Rémon Fromont sur le tournage d'Eliot
C. : Raconte-nous comment tu travailles avec Philippe Reypens ?
R.F. : Avant le tournage d'Eliot, Philippe Reypens m'a montré les lieux où il voulait tourner, et quelques films qu'il aime bien pour le cadre et les lumières. On se connaît, et je sais qu'il est très précis. On regarde des photos et on se parle. J'ai vu ses films précédents. Je sais qu'il ne va pas vouloir mettre une optique folle au plafond. On s'est vite accordé sur le choix esthétique des cadres.
C. : On t'a vu travailler avec une caméra numérique (l'Alexa).

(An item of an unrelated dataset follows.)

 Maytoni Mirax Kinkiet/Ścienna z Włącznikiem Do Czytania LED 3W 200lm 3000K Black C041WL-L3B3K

R.F. : Oui, c'est la première fois que Philippe Reypens travaille en numérique. Il voulait voir ce que cela donne, puisqu'il prépare un film qui va se tourner avec ce support. En fait, on s'adapte aux différentes caméras numériques qui se succèdent depuis six ans. Au début, c'était compliqué à maîtriser. Il y avait trop de contraintes dans l'exposition, tout ce qui était surexposé devenait invisible. Depuis la Red et l'Alexa (Arriflex), avec des capteurs, cela permet d'utiliser les optiques du 35mm ainsi que les nouveaux fichiers. C’est plus simple. Actuellement, on éclaire plus, on fait l'inverse. On a désormais toujours trop de lumière. On ne joue plus qu'avec de toutes petites sources. C'est une grande nouveauté pour le cinéma. Pendant longtemps, comme chef op’, nous avions nos habitudes. On travaillait en pellicule avec du 200 ou du 400 ASA. On avait donc le compas dans l'œil au niveau de la lumière.
Avec le numérique, on a fait d'abord un pas en arrière puisqu'il fallait plus de lumière. Actuellement, avec les nouvelles caméras, c'est l'inverse. On est obligé de mettre des filtres neutres pour faire tomber la trop grande luminosité afin de retrouver la profondeur de champ des caméras 35mm (l'effet de flou et de net). On retrouve un vrai plaisir cinématographique à travailler avec ces nouvelles caméras.
C. : D'où la réutilisation d'objectifs cooke ?
R.F. : Oui, parce que l'image numérique est tellement parfaite qu'elle devient chirurgicale. Même pour faire le point c'est différent de la pelloche. Si le point n'était pas directement sur l'œil en pellicule, l'épaisseur chimique permettait de faire du flou derrière ou avant le point net. En numérique, ou bien c'est net, ou bien c'est flou. Cette netteté, c'est intéressant et, en même temps, elle est trop crue. Pour adoucir, on reprend des optiques réputées pour leur douceur comme Cooke. Les loueurs d'objectifs me disent qu'ils ressortent des séries d'optiques que l'on ne louait plus en 35mm parce que l'image était trop molle.
En ce qui concerne la qualité de l'image, on est arrivé à un point où il ne sert à rien de faire des caméras plus perfectionnées. Il faut trouver des systèmes qui rendent l'image plus chaleureuse. Cela a été très vite. Il y a trois ans, on n’imaginait pas des caméras de cette qualité. On pensait qu'il resterait 10 ou 15 ans de marge par rapport à la pellicule.